Data cleaning is a mammoth topic, as so many methods, strategies, tools, and technologies are available to clean and process data. 

Data cleaning ranges in complexity from making tiny ad-hoc alterations to full-blown feature engineering and mass imputation. It’s possible to turn small datasets into much larger, high-quality datasets with high dimensionality. In fact, many machine learning projects rely somewhat on feature engineering to turn sporadic, sparse, or poor-quality data into something usable. 

As mentioned, data cleaning takes many forms, and the process varies depending on what you’re trying to do. Either way, dirty data is the downfall of countless projects, with HBR estimating that bad data costs US businesses an accounting $3 trillion a year! In the domain of machine learning, bad data leads to failed models and wasted time and investment. 

The concept of data cleaning is related to numerous other concepts within data science and engineering. For example, in the realms of marketing, data cleaning, and feature engineering is used to enhance the performance and accuracy of marketing mix models (MMM) and numerous other marketing data. 

While feature engineering somewhat falls within the remit of data cleaning, data cleaning is more broadly associated with processing the data you have. 

What is good data?

Isn’t that the million-dollar question? While there are many ways to objectively assess datasets for their dimensionality, the definition of good data varies on the application.
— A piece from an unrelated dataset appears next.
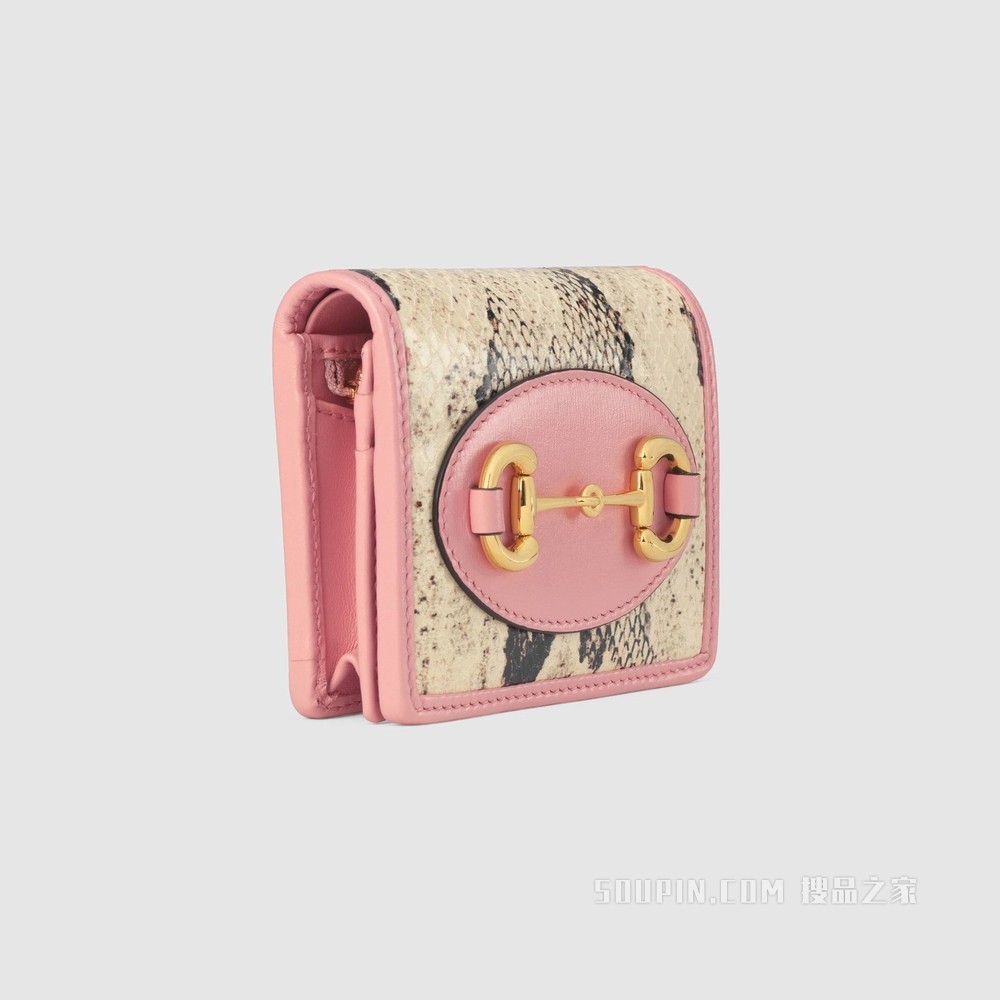 Gucci 马衔扣1955系列蟒蛇皮钱包 原色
For example, in machine learning, a good dataset may be what a team can gather in a short space of time to train a good-functioning model. 

Data cleaning and creating “good data” should occur right at the start of the data value chain, during the collection phase. 

The data value chain

In marketing mix modeling, good data plays a similar role; it should be good enough to construct an accurate model that can be used to predict and analyze different marketing factors over a given period, while accounting for seasonality, diminishing returns, etc. Herein lies an example; if your marketing data doesn’t contain any evidence of seasonality or diminishing returns, then how do you expect to predict that in your model? In this situation, feature engineering or simply waiting for more data might be your only route toward creating “good data”. 

Overall, there are at least four widely-touted qualities of good data, which are worth being aware of: 

  1. Accuracy
  2. Completeness
  3. Consistency
  4. Validity

Accuracy pertains to the accuracy of the data itself. So, for example, if you’re collecting weather data from IoT sensors, those sensors would have to be well-calibrated and verified with ground truth data. 

Data accuracy also depends on proper data validation, ensuring data ingested into a database, model, or other target conforms to expectations. For example, if you’re collecting data in 24-hour format, it’d be wise to reject data outside what a 24-hour clock can actually read. 

Completeness refers to the wholeness of a dataset. For example, a table with 1000 columns, of which only 500 are filled is only 50% complete. 

It might be that those other columns are obsolete and can be removed, but if not, then you’ll need more data/feature engineering. Finally, completeness also relates to data validation, as incomplete data can be rejected during the connection phase (e.g., when someone fails to enter their name with their address and the form is rejected). 

Consistency refers to how data should be recorded, formatted, and structured consistently, especially when changes to that data are made. 

When consistent backups of a system are made in portions, those backups should consistently reference each other to retain consistency. If the structures fail to reference each other properly, then the data might become inconsistent and fail. Additionally, when collecting data, it’s important to collect the same data for the same variables as defined at the start of the project, rather than mixing and matching. 

Validity relates to all the above concepts. For data to be valid, it must meet the system or model’s expectations. 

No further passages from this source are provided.